We got home from the trip on a Saturday. Thank heavens the flight home went smoothly with no hiccups. Back home DH seemed to relax some. Since he had a doctor’s appointment on the following Wednesday with his neurologist to go over test results, I figured those results might give us some clues to what was going on. It was only a few days away, I told myself all would be well. We would understand what was going on, and we would have a game plan to get DH well.
I actually was relaxed and hopeful those few days. Silly me.
Wednesday’s appointment was scheduled for late morning. DH drove we both to his appointment. Nothing unusual happened on the way over. Traffic on the freeway was its normal back up clogged self. The appointment itself just reaffirmed what we knew. We were at the doctor’s office only a short time, and was uneventful. Since it was close to election time, we stopped and voted early as was allowed. After voting we returned home and ate lunch. DH had an appointment with their chiropractor mid afternoon. DH was able to drive himself there, he felt that fine.
It was mid autumn and I needed to work in the yard. So I spent some time doing yard work while he was at the chiropractor. Since I didn’t have my cell phone on me, I didn’t hear the initial call. By the time I returned inside, the chiropractor had called me telling me I needed to come pick up my husband. All they said was he wasn’t well. But as the message continued, they said they weren’t sure if maybe my DH had had a stroke. I found it strange that if they were concerned he had a stroke, why didn’t they call EMS? Wouldn’t an ambulance have been a better choice to call, especially since it took me a while to call them back? Why wait over an hour for me to return their call and just hold him there if they thought he was that ill? I’ll never know.
I drove my vehicle to their office. Once I arrived, DH was waiting there, sitting quietly in a room with a towel wrapped around him like a shawl, presumable to help keep him warm. At first glace I couldn’t understand what if anything was wrong with him. He was quiet but he seemed just tired.
And then I tried to talk to him. That was when It became apparent something was wrong. Something was very wrong. The quietness now seemed more like a compliant child. One who was waiting for instructions, just waiting for mom or someone to tell them what to do. I did my best to treat him like a child who wanted to please mother. I just gently guided him out, trying to use a soothing voice with him. As for the workers in the office, I got the feeling they just wanted to me hurry up and get him out. Maybe they felt he was an embarrassment sitting there in the office. I don’t know. But I didn’t get the feeling of much help from them. I felt more like something they just wanted to go away.

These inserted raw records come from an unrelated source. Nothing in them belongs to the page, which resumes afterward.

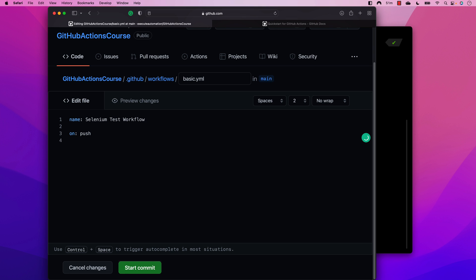Next, I need a job, because this workflow has to be executed as a job. We can have multiple jobs, which we'll cover later in the course. For now I'll add just one. I type 'jobs', hit enter, add two spaces for YAML syntax, and then give the job a label like 'selenium_test_job_one' followed by a colon.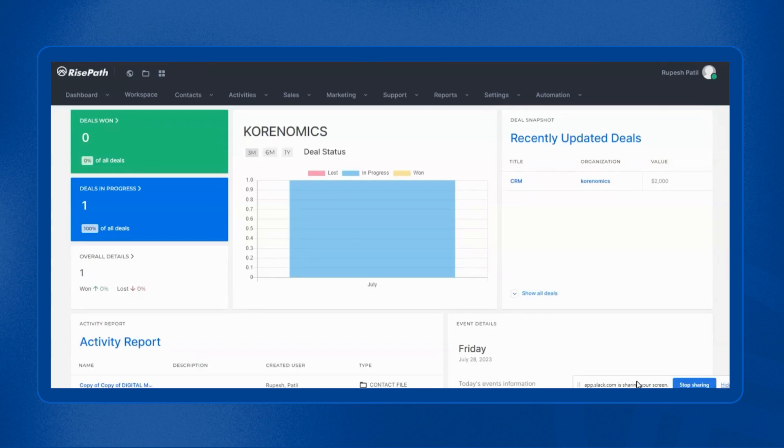In this video I will show you how you can use RisePath support module to create a customer service ticket, assign them, manage them properly, and ensure the highest customer satisfaction. So now let's begin.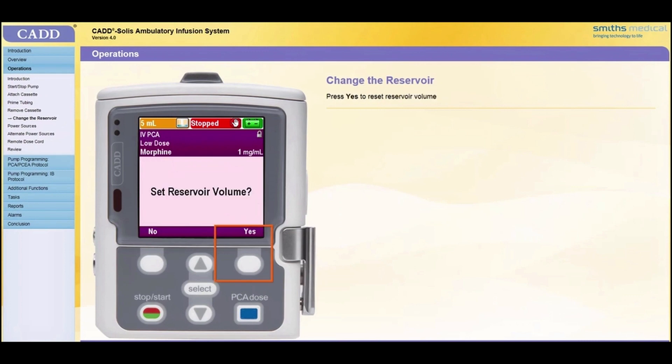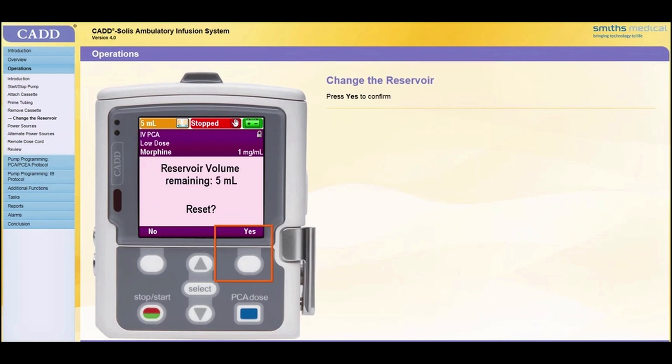Use the pump key to re-lock the latch handle. The screen will display prompts to perform various tasks. First, it prompts to reset the reservoir volume. In this case, the reservoir has been changed, so press Yes. Confirm the reservoir volume reset by pressing Yes.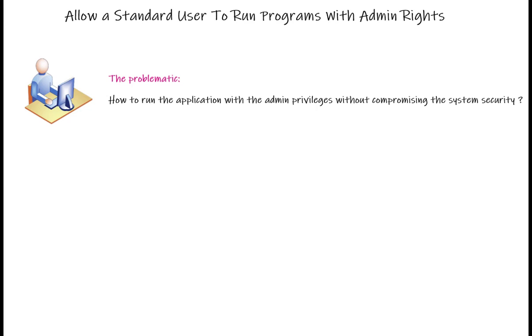Hello, Zine here, and today I will show you how you can allow a standard user with no administrator privileges to run a program or application that needs administrator privileges.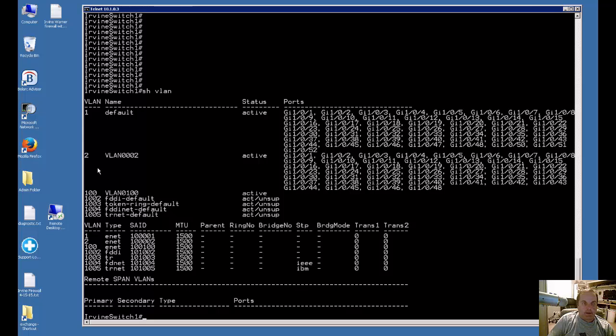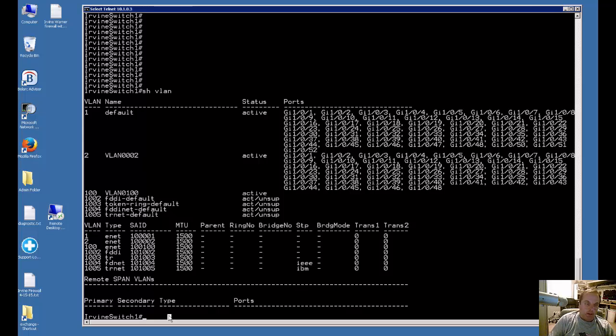In this particular case, our voice VLAN is 2, and our data VLAN is 100. So we're going to assign those both to one port. That will allow us to plug in a VoIP phone and a computer, and they'll each get their own separate VLAN when we configure this properly.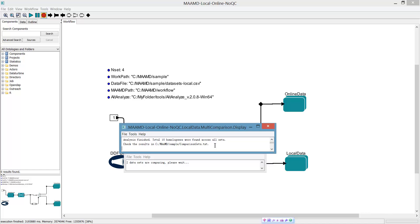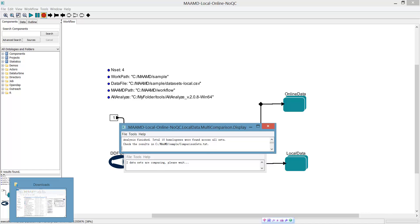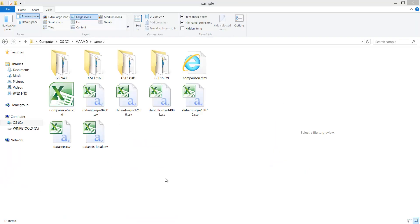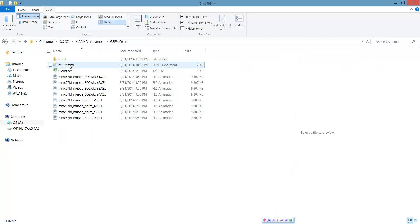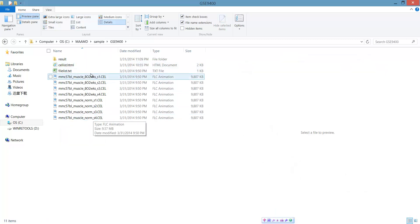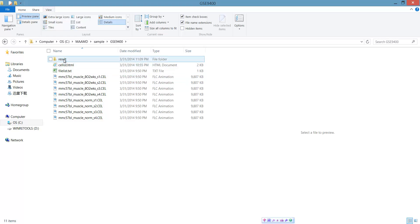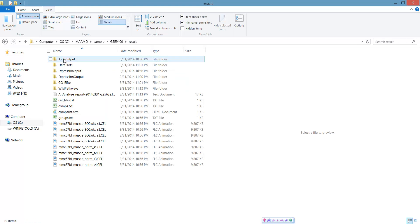Now let's have a look at the results. This is the inter-dataset analysis result. And for each dataset, you get an individual result folder. This is the raw data and the results.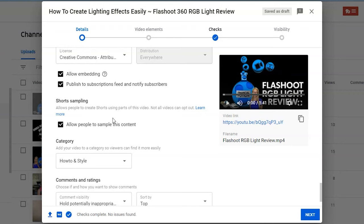They are automatically selecting that people can use portions of your video for Shorts. What you may want to consider is when you're uploading and optimizing your videos, in that first detailed section you'll scroll down and you'll see where it says 'short sampling' — it's already going to be checked. It says it allows people to create Shorts using parts of this video. Not all videos can opt out.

Not knowing what else to do I took him to the closest emergency room I knew of. Even there he seemed just quiet. I parked, walked DH inside, and signed him in. This whole time he as just quiet and compliant. Luckily there were not too many patients looking for care, so DH was taken immediately. When they asked what the problem was it was hard to explain. Luckily I had the chiropractors description on my cell phone voicemail. I let them hear it.
Since the description came from a chiropractor, the doctor decided to check vitals. This was where the fun began. His pulse was fine, blood pressure was fine, reflexes were fine, nothing seemed to be wrong. Then the doctor asked him basic questions. Some he could easily answer. Where was he? He was in a hospital. Some he didn’t answer so well. What year was it? He didn’t know. What was the date, day of the week? He couldn’t answer that. Did he know what hospital he was at? Certainly, he was at Stanford hospital.
That was when the doctor really recognized something was wrong. Did he know what city he was in. Well, he was sure he was at Stanford. In him mind that seemed to answer the question.
The doctor began testing. Maybe this was a stroke. Maybe an aneurysm. He wasn’t sure, but he did agree something was wrong. The ER visit took almost six hours.They did test, MRI, scans, x-rays, etc. In the end DH didn’t remember much of anything current. In the end the doctor didn’t have any idea of what was wrong.
It had been a long day, we hadn’t eaten anything since lunch and it was almost 10PM. I gave DH a sandwich and put him to bed in a separate bedroom. I felt this might be easier for him. I knew it would be a restless night for me.
Around 7AM, well before DH regular rising time, I awoke to find him standing beside my bed staring at me. Once he realized I was awake, my eyes were open, he asked me, “Who are you?” There was no malice in his voice, no anger, no accusation of any sort, it was just a question. I told him my name, and when he didn’t respond I told him I was his wife, his spouse. I did my best to keep my voice neutral and just conversational. It wasn’t easy. I then asked if he wanted to join me in bed. He seemed relieved by my answer and quietly slipped into bed with me. My answer seemed to satisfy his need for information.
I didn’t go back to sleep, but he drifted off to a quiet slumber.